As a child, I experienced many random urges to bake something. Usually in the midst of boredom, I would get sudden hankerings to be creative and make something with my hands for other people. Which always led me to beg my mom to let me use up a box of baking mix in the pantry, think brownies or chocolate chip cookie bars. Though the instructions were rather straightforward, and little effort required, I still tended to nail the desserts only 50% of the time. (I had a shorter attention span in those days.) Every once in a while, we only had a packet of Jello pudding mix on hand, which only required mixing powder with cold milk and chilling it in the fridge. But it was enough to scratch my baking itch. 

And thus concludes my prior experience making pudding. As you can imagine, I had really no idea what I was getting into with Alison’s pudding. And yes, I made a big mistake. Hopefully my writing about it helps someone avoid the same. 

Making pudding from scratch is far different from making pudding from a box (duh). Pudding from scratch happens in multiple steps and with lots and lots of whisking by hand. The first step is to whisk egg yolks, cornstarch, and sugar together until pale and fluffy. After just three or so minutes of whisking, my arm already felt tired. Thankfully Jordan stepped in to get the egg yolks to that dull yellow color and speckled with tiny air bubbles. 

Now it’s time to simultaneously heat and continuously whisk the dairy, which is where I spent most of my time, and made my grand mistake. I poured heavy cream, sugar, coconut milk, a tiny dash of ground turmeric (for color, I think), and vanilla extract into a pot, and stirred everything slowly until it came to a light simmer. Stirring helps prevent any cream from curdling. In order to warm the egg mixture before pouring it all into the hot cream, Alison instructs us to pour half of the cream into the eggs and mix them first. We want to avoid the eggs going into shock and scrambling when they hit the heat, so we need to gradually get them warmed up. Kind of like dipping your toe in the jacuzzi to adjust, before submerging yourself all the way. Once warm, then I poured all of that creamy, eggy stuff back into the pot on the stove over medium heat. 

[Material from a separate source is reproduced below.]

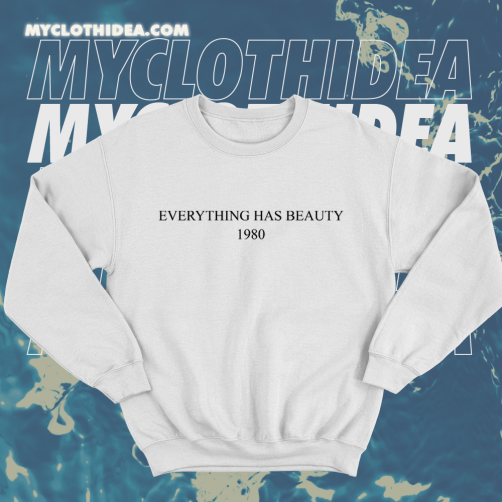 Everything Has Beauty 1980 Sweatshirt TPKJ1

Now here’s where the confusion began. Here’s what the cookbook says: 

“Stir the warmed egg yolk mixture into the pot with the cream and, whisking constantly, cook until it thickens and starts to bubble up and look like something that is so hot it could hurt you if it touched your skin (it can, so be careful!!!), 3 to 5 minutes.” 

So I’m waiting for it to “thicken” and look “hot” and start to ”bubble up…” Not the most helpful visual cues to watch for, but fine, I’ll roll with it. The 3 minute mark hits. Then the 5. There’s steam coming off the top and some tiny bubbles rising to the surface. Is that what she means by hot and bubble up? I’ll let it go a minute longer…. 7 minute mark hits, and still more steam and tiny bubbles. The liquid is a bit thicker than when I started. Now, I’m well past the time limit, so I figured the pudding must be ready. I removed the pot from the heat, and per the instructions, poured the mixture into a 9x13 baking dish and stuck it into the fridge to chill “for at least one hour.”

An hour goes by, and the pudding, or should I say, slightly thickened liquid, is still warm. Another hour goes by, and the slightly thickened liquid is room temperature. A third hour goes by, and though the liquid is cold, there’s still one major problem…. It’s liquid. Wasn’t it supposed to thicken up and feel like pudding by now? I did what I always do in situations like this: I called Margaret.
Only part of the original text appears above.